Assigned task | Could you give the listing again exactly, without its pictures?

*** Opening of Information shown ***

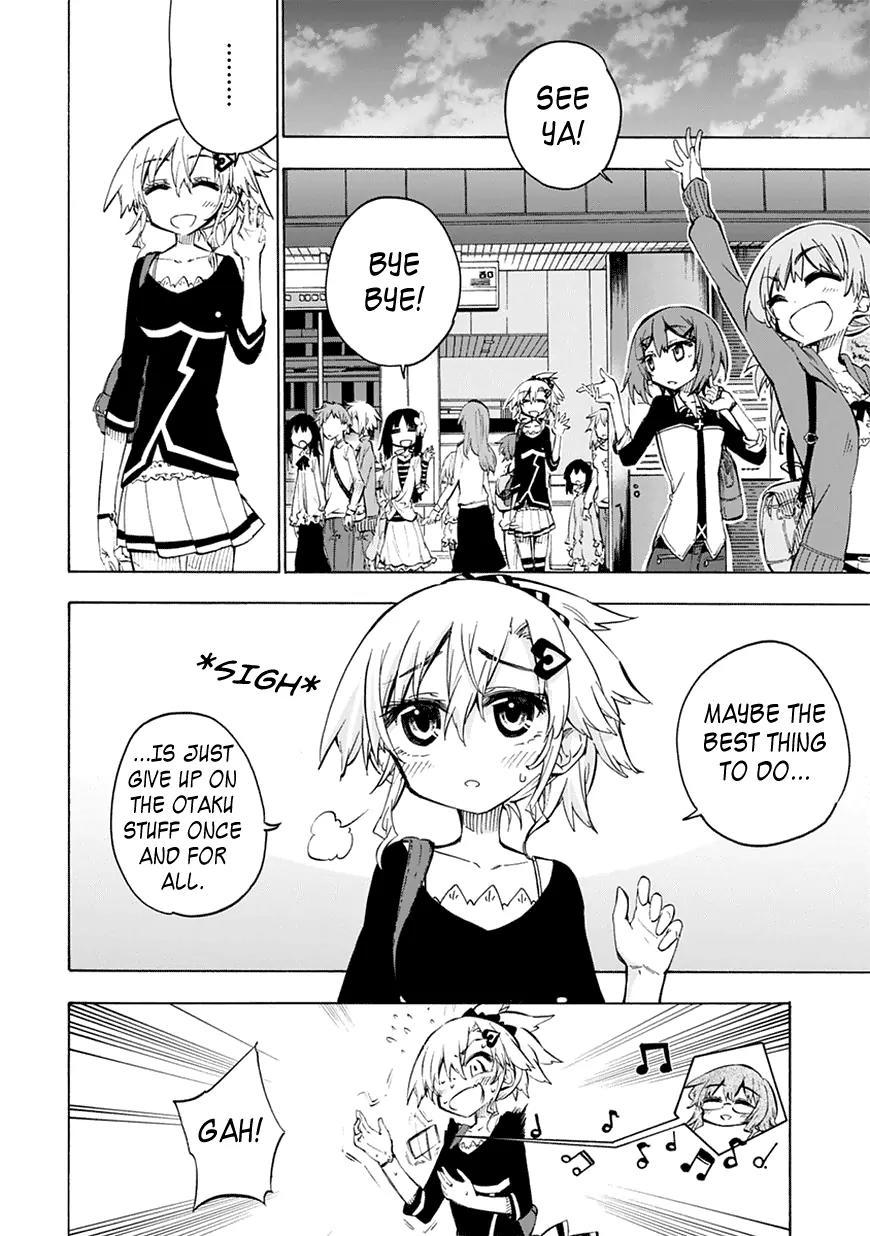 Shinozaki-san Ki o Ota Shika ni! Chapter 4 page 30 - Chapter 4: Everyday Highschool Girls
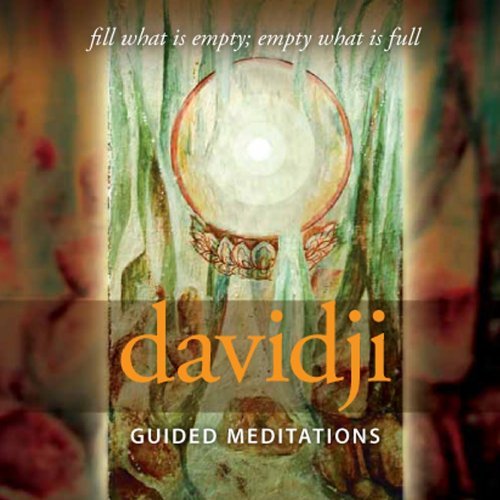 Cover for Davidji · Guided Meditations: Fill What is Empty; Empty What (CD) (2009)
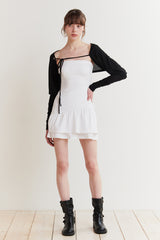 ベラチューブドレス white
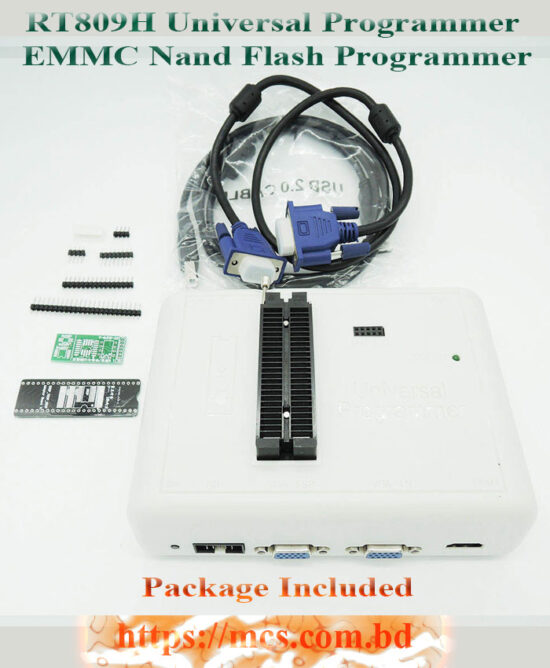RT809H Universal Programmer EMMC Nand Flash Programmer 5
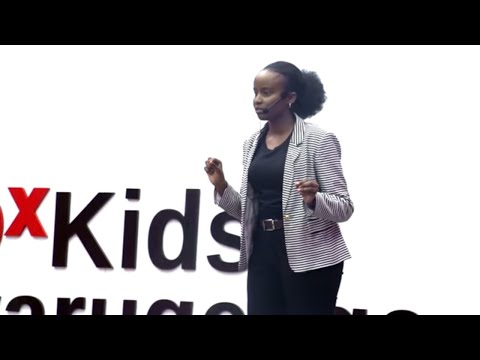 Change From A Child Nzobe Nilita Imani TEDxKids Nyarugenge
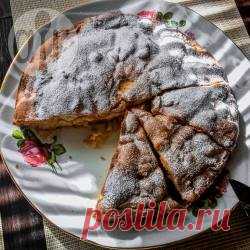 Рецепт: Яблочный пирог Шарлотка - все рецепты России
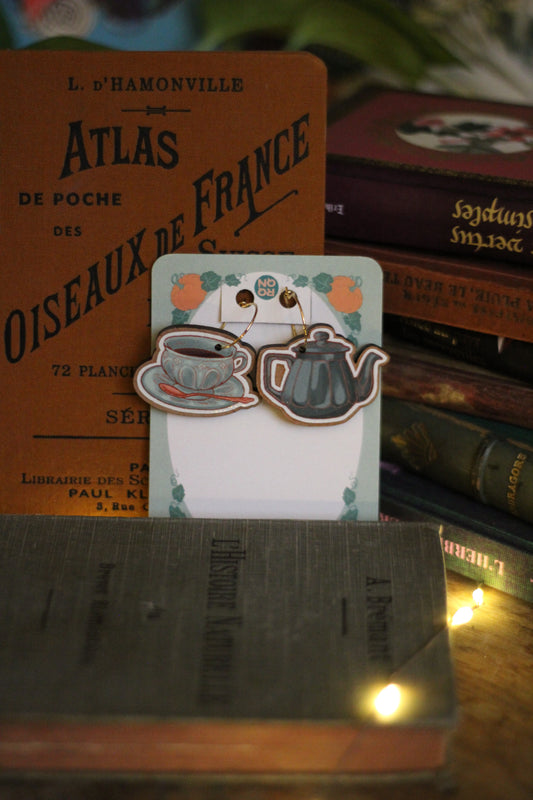 ✵ Boucles tea time ✵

*** Close of Information shown ***

Result below |
 Shinozaki-san Ki o Ota Shika ni! Chapter 4 page 30 - Chapter 4: Everyday Highschool Girls
 Cover for Davidji · Guided Meditations: Fill What is Empty; Empty What (CD) (2009)
 ベラチューブドレス white
RT809H Universal Programmer EMMC Nand Flash Programmer 5
 Change From A Child Nzobe Nilita Imani TEDxKids Nyarugenge
 Рецепт: Яблочный пирог Шарлотка - все рецепты России
 ✵ Boucles tea time ✵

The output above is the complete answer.